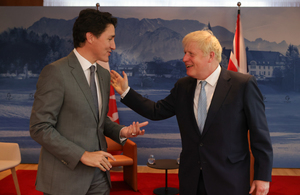 Boris Johnson puts his hand on Justin Trudeau's shoulder.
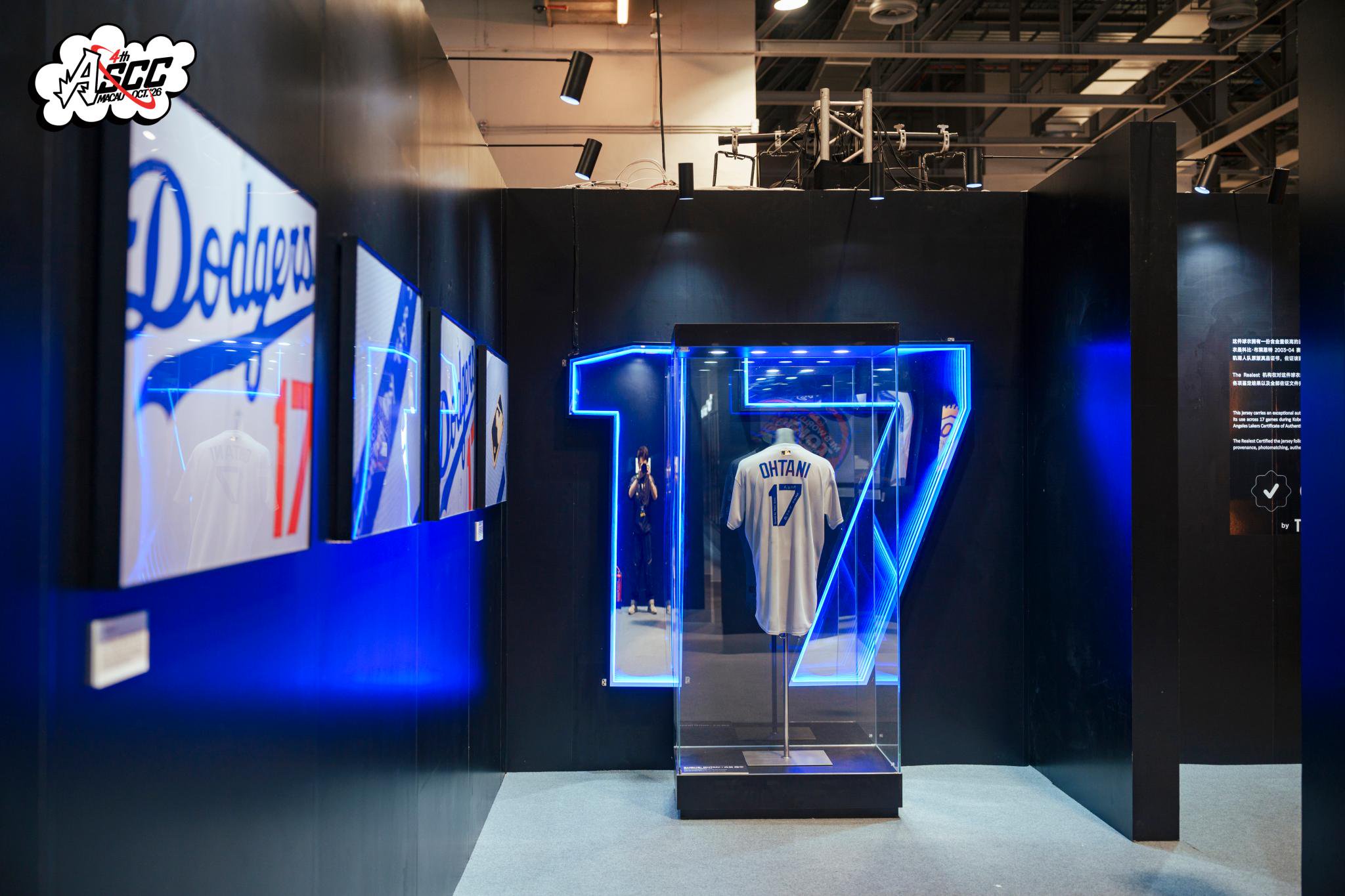 A game-worn Shohei Ohtani Dodgers jersey displayed in a lit case shaped like the number 17.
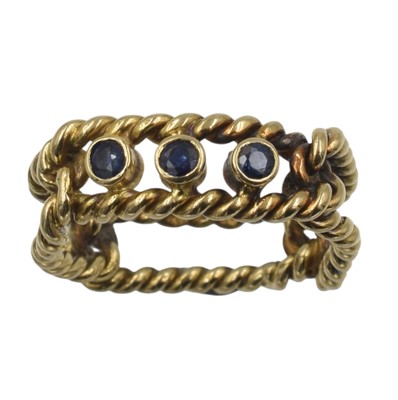 Lot An 18ct gold and sapphire rope ring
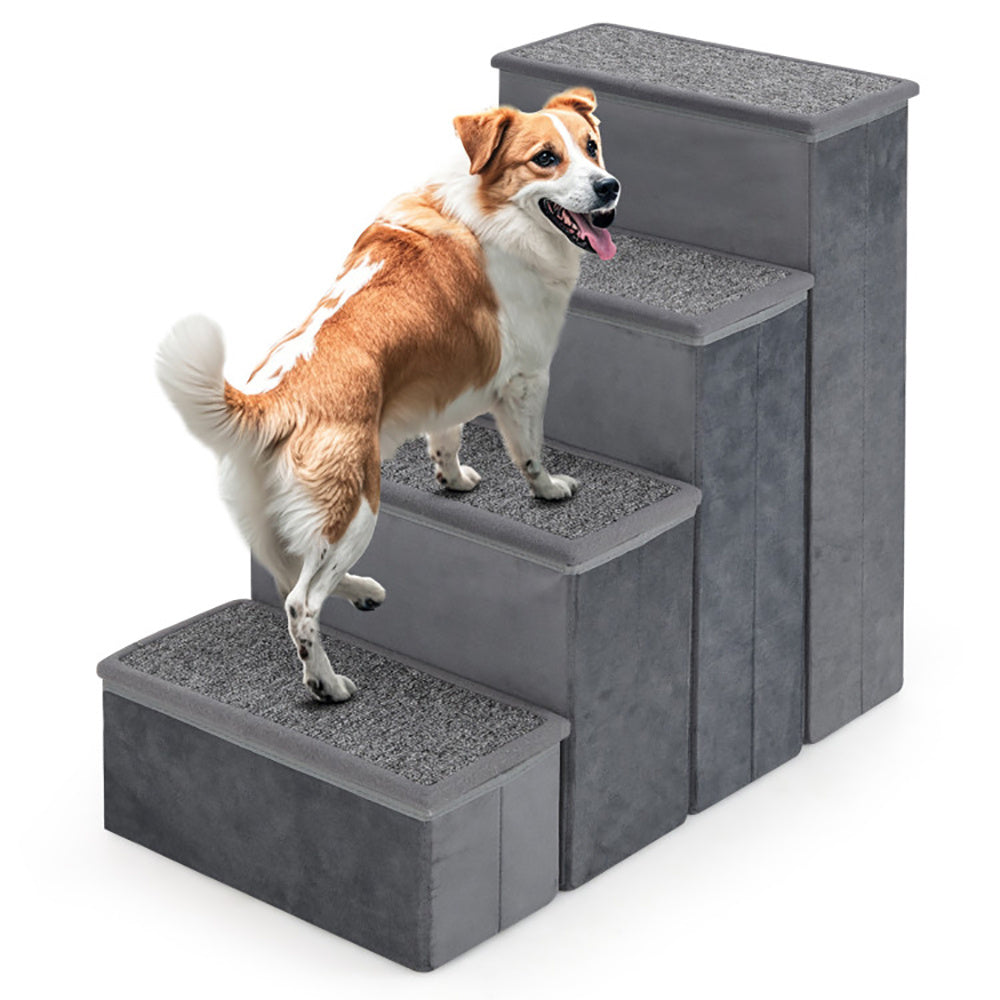 Dog using a set of gray pet stairs on a white background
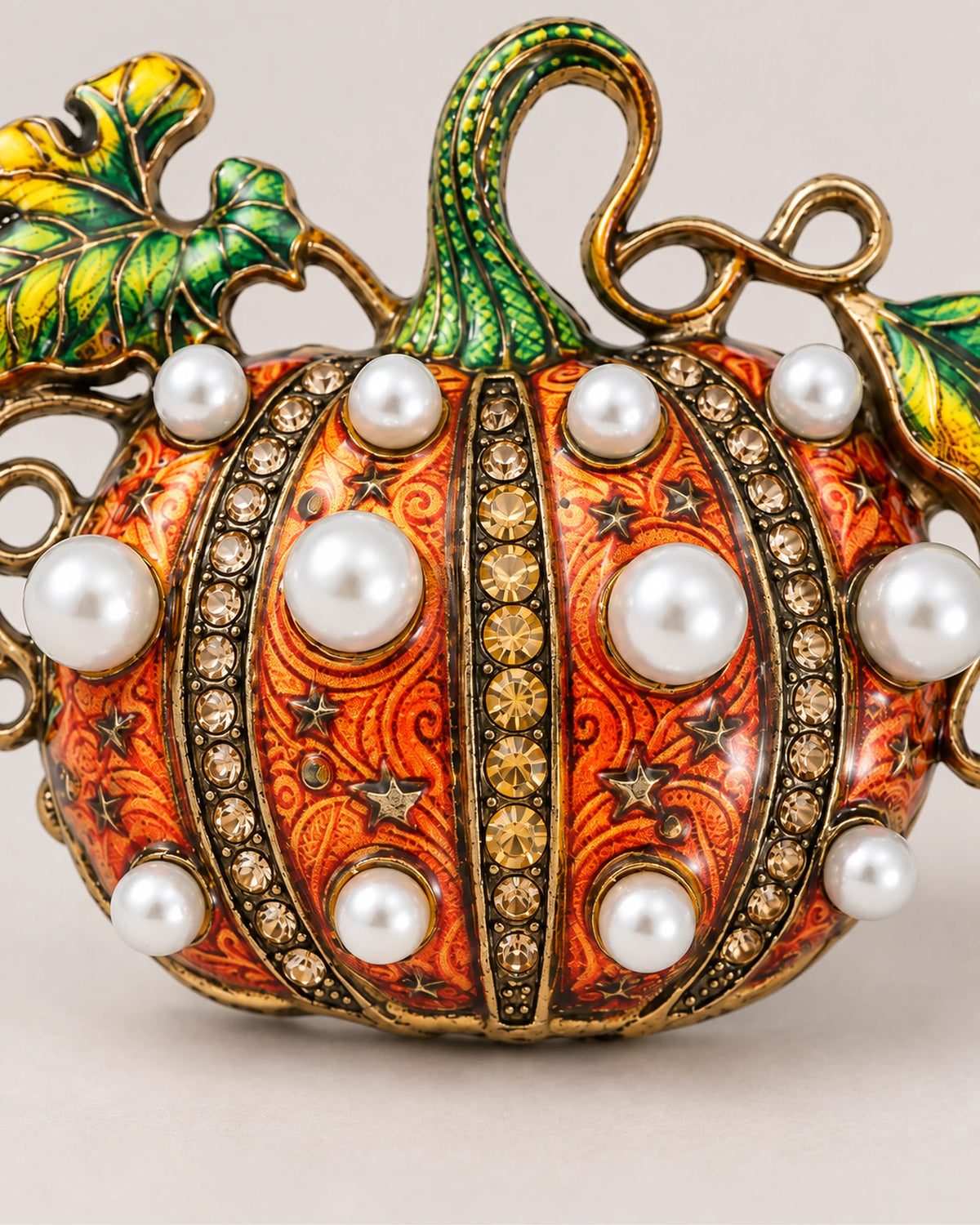 Rounded white pearl-style beads alternate with crystal-set ribs across the Orange pumpkin.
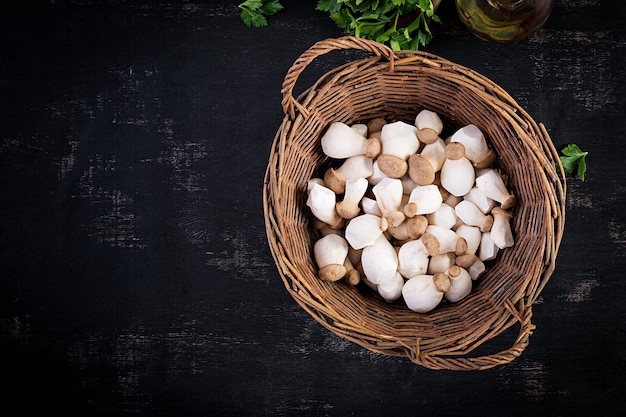 Raw king oyster mushrooms Pleurotus eryngii in basket on a dark background. Top view, above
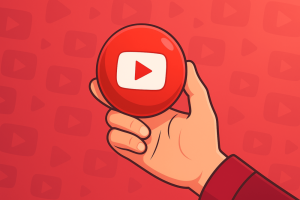 Hand holding a red YouTube play button icon on a patterned red background.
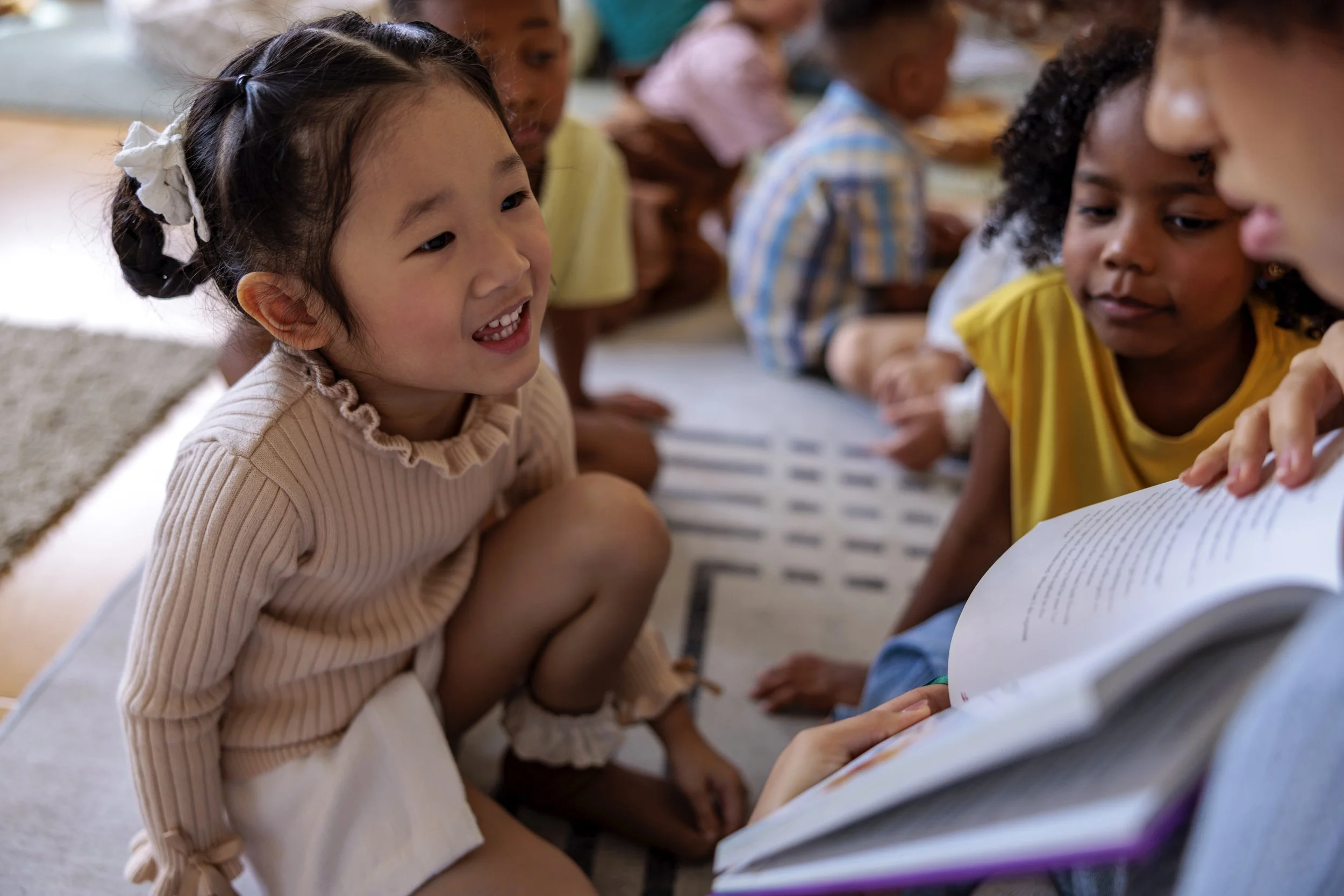Daycare teacher reading to students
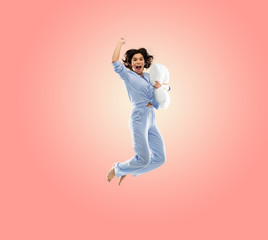 Fototapeta na wymiar fun, people and bedtime concept - happy young woman full of energy in blue pajama holding pillow and jumping over living coral pink background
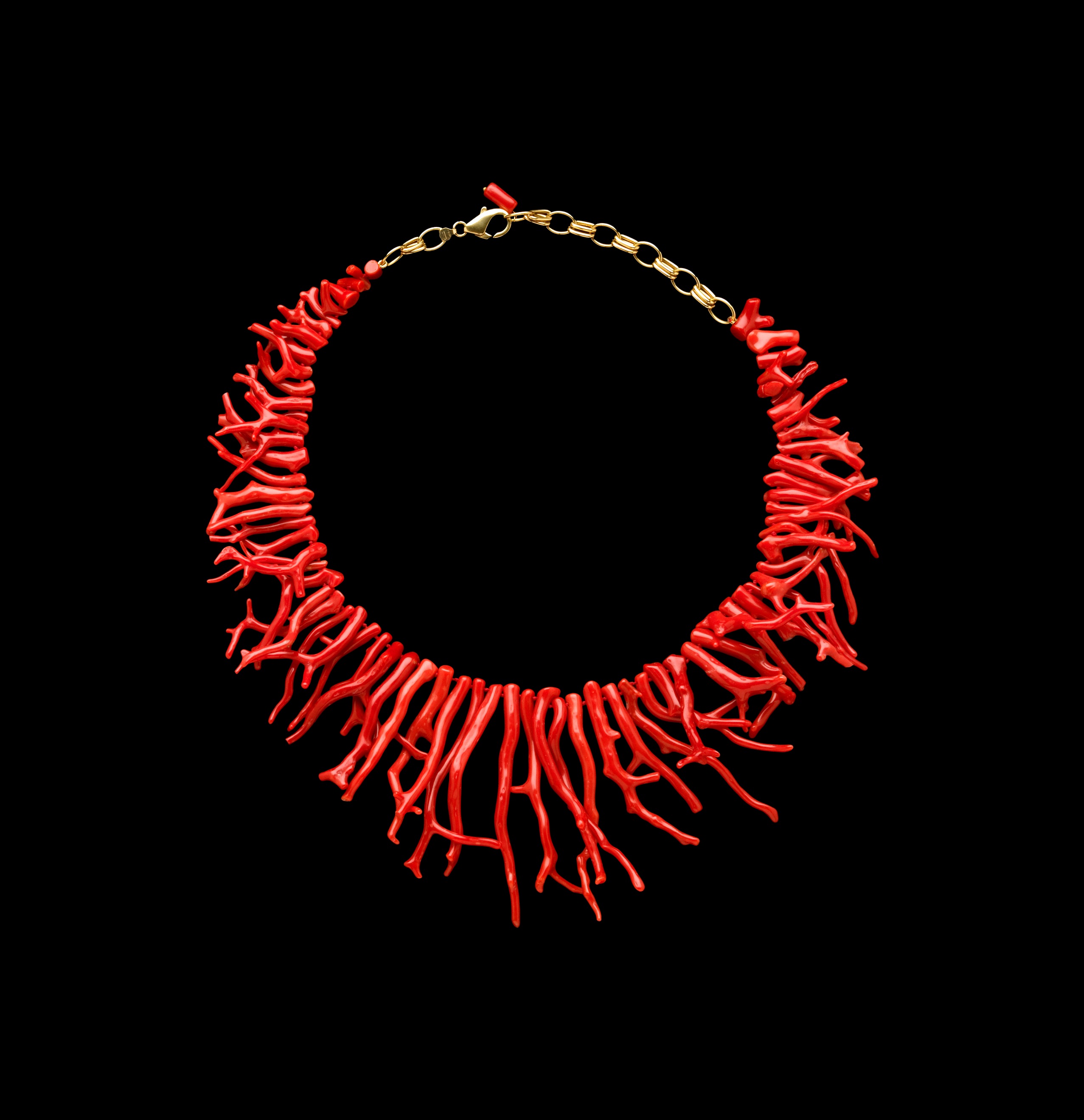 Rich red Coral necklace made of 74 small polished Coral branches.The coral branches gradually get longer as they move down from a gold clasp toward the center of the necklace.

- _What is expected_:
Please copy, exactly and only, the lines of the listing that run from the one holding "Rounded white pearl-style" through its last line, and exclude pictures.

- _Answer space_:
 Rounded white pearl-style beads alternate with crystal-set ribs across the Orange pumpkin.
 Raw king oyster mushrooms Pleurotus eryngii in basket on a dark background. Top view, above
 Hand holding a red YouTube play button icon on a patterned red background.
Daycare teacher reading to students
 Fototapeta na wymiar fun, people and bedtime concept - happy young woman full of energy in blue pajama holding pillow and jumping over living coral pink background
 Rich red Coral necklace made of 74 small polished Coral branches.The coral branches gradually get longer as they move down from a gold clasp toward the center of the necklace.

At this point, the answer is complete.